Put, $C_{0} (\mathbb R)=\{f:\mathbb R \to \mathbb C: f \text { is continuous on} \ \mathbb R \ \text {and } \lim_{|x|\to \pm \infty}f(x)=0 \}$(= Continuous functions on $\mathbb R$ vanishing at $\infty$)
Let $f\in C_{0} (\mathbb R)$ such that $\int_{\mathbb R} |f(x)| dx < \infty $.
My Question: Can we expect $\sum_{n\in \mathbb Z} |f(n)| < \infty$; Or, we get a counter example, that is, $\sum_{n\in \mathbb Z} |f(n)| = \infty $ ?
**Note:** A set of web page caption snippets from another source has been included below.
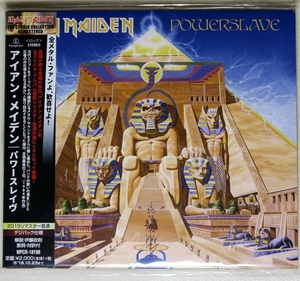 ☆ アイアン・メイデン IRON MAIDEN パワースレイヴ POWERSLAVE 最新デジタル・リマスター 初回盤 デジパック仕様 日本盤 WPCR-18198 新品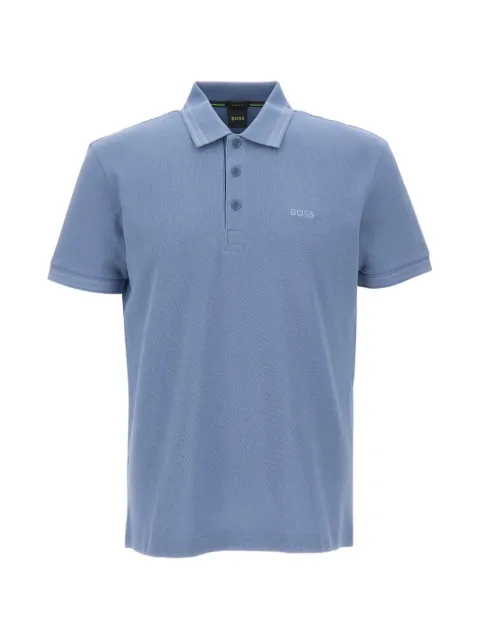 BOSS Paddy embroidered pique polo shirt Blue 50469055
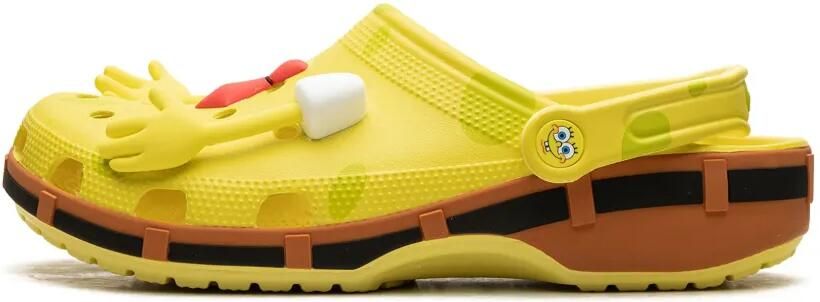 Crocs x SpongeBob SquarePants Classic Clogs slippers Geel - Foto 5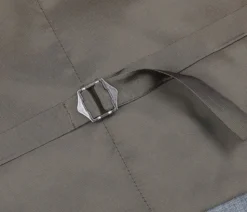 Bevagna Collection - Wool Suit Dress Vest 5 Buttons Regular Fit In Light Gray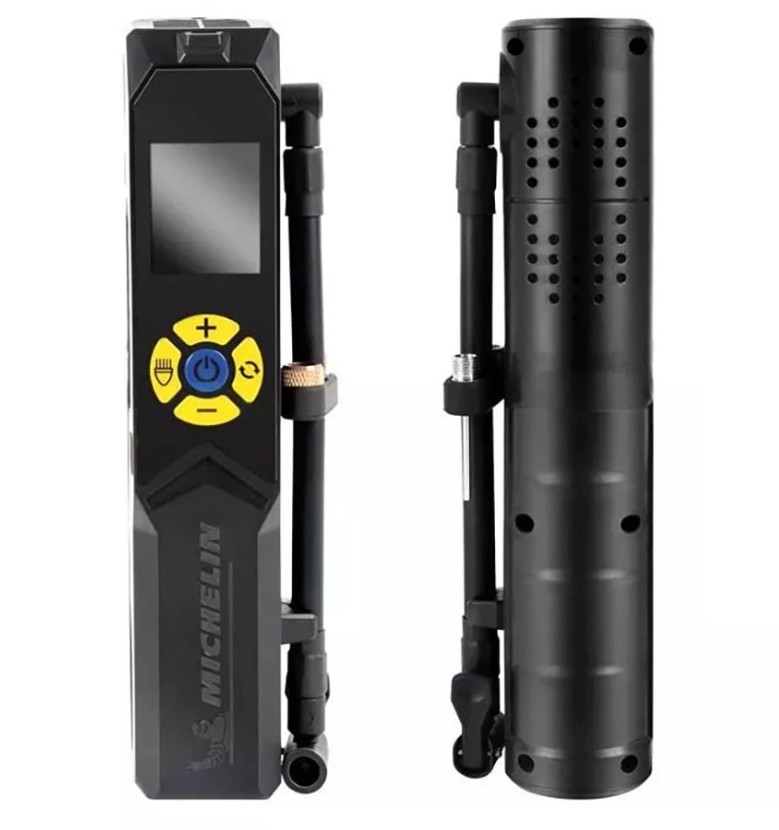 Máy Bơm Lốp Mini Cao Cấp MICHELIN 3321 Tự Động Ngắt, Dùng Pin Bơm Xe Đạp, Xe Máy, Ô Tô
Define $f$ to be $0$ everywhere except on intervals of the form $[n-1/n, n+1/n]$, $n$ an integer greater than $1$. On an interval $[n-1/n , n+1/n ]$ of this form, let $f$ be non-negative, continuous, and piecewise linear with maximum value $1/n$ at the midpoint of the interval and value $0$ at the endpoints.
Then $\int |f|\le\sum\limits_{n=1}^\infty 2/n^2<\infty$ and $\sum\limits_{n=1}^\infty|f(n)|=\sum\limits_{n=2}^\infty 1/n=\infty$.